Uma decisão da Justiça Federal de São Paulo impediu a Receita
Federal de aplicar multa isolada de 50% sobre pedidos de compensação ou
ressarcimento de créditos de tributos federais - como PIS, Cofins e IPI -
considerados indevidos. A sentença, a primeira coletiva que se tem
notícia sobre o assunto, beneficia os 51 associados da União Brasileira
de Avicultura (Ubabef). A multa foi instituída pela Lei Federal nº
12.249, de junho de 2010.
Até a edição da norma, a Receita Federal cobrava apenas uma multa de
20% por atraso no pagamento do tributo. Agora, aplica também a multa de
50%, que fez cair pela metade o volume de pedidos de compensação
tributária, segundo informações divulgadas pelo Fisco.
A sentença, proferida em dezembro, é da juíza federal da 14ª Vara
Federal Cível de São Paulo, Cláudia Rinaldi Fernandes. Na decisão, ela
afirma que a multa só pode ser aplicada quando a Receita Federal
comprovar que houve má-fé do contribuinte, respeitando, porém, o seu
direito de defesa. "Em síntese, conclui-se que a alteração introduzida
pela Lei 12.249 acabaria por atingir contribuintes de boa-fé, padecendo,
neste ponto, de inequívoca inconstitucionalidade", diz a magistrada na
decisão. A Brasil Foods, uma das associadas beneficiadas, foi procurada
pelo Valor, mas preferiu não comentar o assunto.

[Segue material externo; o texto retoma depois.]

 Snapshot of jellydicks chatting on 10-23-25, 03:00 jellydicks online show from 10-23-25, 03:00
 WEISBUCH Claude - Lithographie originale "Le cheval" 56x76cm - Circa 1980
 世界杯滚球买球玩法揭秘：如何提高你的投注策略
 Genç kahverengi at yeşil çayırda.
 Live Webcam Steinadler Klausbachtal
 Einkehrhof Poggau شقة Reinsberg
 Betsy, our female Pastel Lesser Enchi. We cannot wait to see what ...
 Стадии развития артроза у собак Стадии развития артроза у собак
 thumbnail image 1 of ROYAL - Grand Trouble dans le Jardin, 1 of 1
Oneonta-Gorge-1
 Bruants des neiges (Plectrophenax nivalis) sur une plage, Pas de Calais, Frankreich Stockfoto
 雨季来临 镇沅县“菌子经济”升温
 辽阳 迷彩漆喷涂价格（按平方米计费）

De acordo com o advogado Marcelo Salomão, sócio do Brasil, Salomão e
Matthes Advocacia, que representa a entidade no processo, os avicultores
o procuraram para obter uma medida preventiva. "Por conta das
exportações, eles acumulam muitos créditos de PIS, Cofins e IPI",
explica. A legislação brasileira permite que empresas com créditos de
tributos federais possam buscar o ressarcimento ou compensação - uso de
créditos para pagar outros tributos federais. Mas, com a criação da
pesada penalidade, as associadas da Ubabef preferiram ir à Justiça para
não correrem o risco de ser multadas.
Proposto em maio do ano passado, o mandado de segurança teve o pedido
de liminar negado porque a juíza considerou não haver urgência. Ela
também pretendia ouvir os demais envolvidos. O Ministério Público
pronunciou-se a favor do pedido da entidade. Declarou que a cobrança da
multa de 50% fere o princípio do devido processo legal ao não permitir a
defesa dos contribuintes. A Procuradoria-Geral da Fazenda Nacional
(PGFN) também manifestou-se no processo. Procurada pelo Valor, informou apenas que vai recorrer da decisão.
Um dos principais argumentos da Ubabef, segundo Salomão, é o de que a
Lei nº 12.249 viola o direito constitucional de petição. "Não posso ser
punido por defender um direito meu", diz. O advogado também alegou que a
multa só deve ser aplicada em razão de ato ilícito, o que não seria o
caso.
Para o advogado Fábio Calcini, também do Brasil, Salomão e Matthes
Advocacia, o alto valor da multa - 50% do valor do crédito a ser
ressarcido ou compensado - fere os princípios da proporcionalidade e da
razoabilidade. "Uma multa dessa pode quebrar uma pequena empresa",
afirma o advogado.
Uma das associadas da Ubabef, a Doux Frangosul, já havia obtido uma
sentença individual do juiz Adriano Copetti, da Justiça Federal de Santa
Cruz do Sul (RS). Ele também afastou a cobrança da multa de 50%, exceto
se for caracterizada a má-fé do contribuinte. Segundo o advogado
Matheus Brenner, do departamento jurídico da companhia, a Receita
recorreu e a ação está em andamento. Ele afirma que a empresa chegou a
ser multada em 50%, logo que a Lei 12.249 entrou em vigor, e discute o
assunto em âmbito administrativo. "Mas a sentença a protege de eventuais
novas multas", diz.
Especialistas afirmam que as decisões sinalizam como o Judiciário
deverá posicionar-se sobre o tema. Uma empresa paulista, por exemplo,
discute na esfera administrativa uma multa de R$ 150 mil, aplicada com
base na Lei 12.249. "Recorremos à via administrativa porque ainda não há
uma decisão judicial final", explica o advogado Renato Nunes, do Nunes e
Sawaya Advogados, que representa a empresa no processo.